* **What is required**
What is needed is every line of the data that includes the word "Chapter". Please copy each one.

[Stored data]

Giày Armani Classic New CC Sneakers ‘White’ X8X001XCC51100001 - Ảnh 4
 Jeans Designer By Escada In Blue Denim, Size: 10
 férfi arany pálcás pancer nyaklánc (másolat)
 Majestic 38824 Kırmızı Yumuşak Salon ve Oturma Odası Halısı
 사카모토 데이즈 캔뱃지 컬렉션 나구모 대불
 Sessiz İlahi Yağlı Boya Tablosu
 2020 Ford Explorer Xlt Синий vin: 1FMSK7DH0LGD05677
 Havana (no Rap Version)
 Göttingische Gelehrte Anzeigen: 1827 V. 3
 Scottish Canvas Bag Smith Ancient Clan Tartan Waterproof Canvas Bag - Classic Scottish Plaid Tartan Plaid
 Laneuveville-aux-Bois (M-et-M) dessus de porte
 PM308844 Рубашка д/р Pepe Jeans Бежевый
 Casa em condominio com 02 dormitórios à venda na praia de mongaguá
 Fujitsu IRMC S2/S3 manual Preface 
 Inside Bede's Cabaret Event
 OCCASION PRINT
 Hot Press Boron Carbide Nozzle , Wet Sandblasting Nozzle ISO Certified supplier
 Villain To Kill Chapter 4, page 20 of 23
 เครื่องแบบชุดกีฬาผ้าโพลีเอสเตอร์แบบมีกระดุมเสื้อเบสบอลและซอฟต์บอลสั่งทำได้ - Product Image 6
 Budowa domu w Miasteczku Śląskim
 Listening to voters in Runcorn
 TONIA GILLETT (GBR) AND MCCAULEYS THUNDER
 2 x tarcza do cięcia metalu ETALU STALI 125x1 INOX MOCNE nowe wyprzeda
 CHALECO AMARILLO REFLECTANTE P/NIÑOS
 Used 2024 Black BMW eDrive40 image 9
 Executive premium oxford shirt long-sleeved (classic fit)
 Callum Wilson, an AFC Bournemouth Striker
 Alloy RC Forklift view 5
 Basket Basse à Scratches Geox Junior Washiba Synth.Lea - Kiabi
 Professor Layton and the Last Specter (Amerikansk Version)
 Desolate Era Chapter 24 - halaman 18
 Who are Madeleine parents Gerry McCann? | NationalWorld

* **Answer section**
 Villain To Kill Chapter 4, page 20 of 23
 Desolate Era Chapter 24 - halaman 18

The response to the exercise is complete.